The Movie Waffler New to Prime Video - THE GUILTY | The Movie Waffler

New to Prime Video - THE GUILTY

the guilty review
Assigned to emergency services dispatch duty while under investigation, a Copenhagen cop becomes invested in the plight of an abducted woman.

Review by Eric Hillis

Directed by: Gustav Möller

Starring: Jakob Cedergren, Jessica Dinnage, Omar Shargawi, Johan Olsen

the guilty poster


Much like the 2013 Tom Hardy vehicle Locke, director Gustav Möller's feature debut The Guilty (Denmark's 2019 Oscar submission) asks its audience to invest in a singular on-screen protagonist who communicates with the rest of the film's unseen characters over the phone. As such, it's difficult to defend Möller's film from accusations of being anti-cinematic, but like Locke, it's a thoroughly gripping experience nonetheless, one held together by a stellar central performance.

Copenhagen cop Asger Holm (Jakob Cedergren) has been relegated to answering emergency services calls in a dispatch centre while under investigation for his role in an incident while on duty. It's the evening before he is due to appear in court, and Asger is a ball of tension, taking out his frustration on his co-workers and behaving like an absolute jerk to his callers, including an overdosing junkie whom he threatens to send the police to along with an ambulance, and a prostitute's John whom he judgementally makes sweat following a mugging in the red light district.

the guilty review

When Asger gets a call from Iben (voiced by Jessica Dinnage), a young woman who seems to be talking in riddles, he initially assumes she's another drunk or stoned time-waster, but his policeman's instinct kicks in and he realises Iben is making the call under duress. Encouraging the distressed woman to pretend she is taking to her child on the phone, Asger is able to ascertain that she has been abducted and is trapped in a white van making its way north of the city.

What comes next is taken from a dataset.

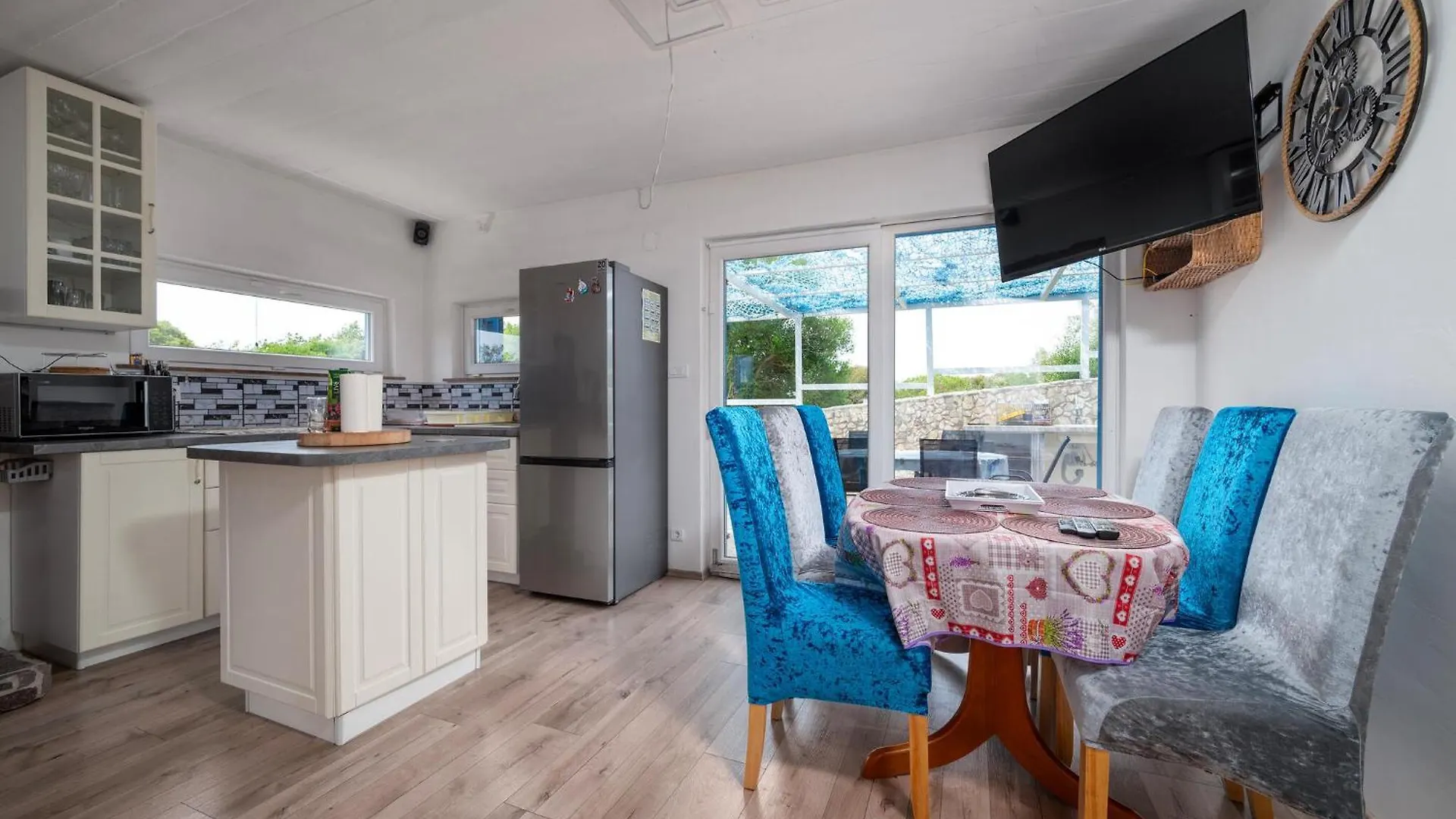 3 Bedroom Gorgeous Home In Peroj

After alerting the correct authorities, Asger is unsatisfied with how casually they appear to be handling the case, and shutting himself away from his colleagues in a secluded office, he begins an attempt to save Iben on his own terms.

The Guilty shares the same initial premise as the 2013 Hollywood thriller The Call, in which Halle Berry played the dispatch officer who finds herself personally invested in the plight of an abducted girl. Paring that setup down to its core elements and limiting the action strictly to the confines of Asger's workplace, Moller's film plays like a reversal of the usual practice of Hollywood over-dramatising low-key European dramas in commercially oriented remakes. Indeed, should The Guilty be remade for a subtitle averse audience, I imagine the resulting film would be largely indistinguishable from the aforementioned Halle Berry potboiler.

the guilty review

Möller and co-screenwriter Emil Nygaard Albertsen spin out their twisty tale in expert fashion, feeding both Asger and the audience enough details to fool both into believing they have a grasp on the scenario, only to pepper the plotline with twists that keep us guessing as to the true nature of the drama unfolding in Asger's headset.


The Guilty is similar in a fashion to the recent spate of thrillers that play out on computer screens (the Unfriended movies; Searching) and Möller uses silence and dead air in the same way those films use their protagonists' hovering mouse icons and flashing cursors. When the desperate characters on the other end of Asger's line suddenly hang up or are ambiguously cut off, the implications are truly chilling, and we share Asger's frustrations when his attempts to reconnect are met with goofy voicemail messages.

the guilty review

Möller pulls off the trick of presenting us with a protagonist whom we take an instant dislike to, yet one we're forced to get behind as Asger initially seems the best hope for a positive resolution to this fraught scenario. The more Asger becomes invested however, the more we begin to question whether he's doing the right thing by intruding on the work of the authorities officially assigned to the case, and he makes some decisions that potentially escalate the situation. There are moments where you might find yourself shouting at the screen, warning Asger off making a call as his finger hovers over the dialpad. At the same time, it's impossible to imagine anyone taking a call of Iben's nature and being able to take a professional backseat.

All this would collapse without a strong enough actor in the central role, and as Asger, Cedergren (whom we'll no doubt see cropping up as generic villains in future Hollywood movies) offers a compelling portrayal of a man whose soul has been hollowed out by a job that has exposed him to humanity at its worst. Iben's plight offers him a shot at redemption, and in saving his distraught caller, he might just save what's left of himself.

The Guilty is on Prime Video UK now.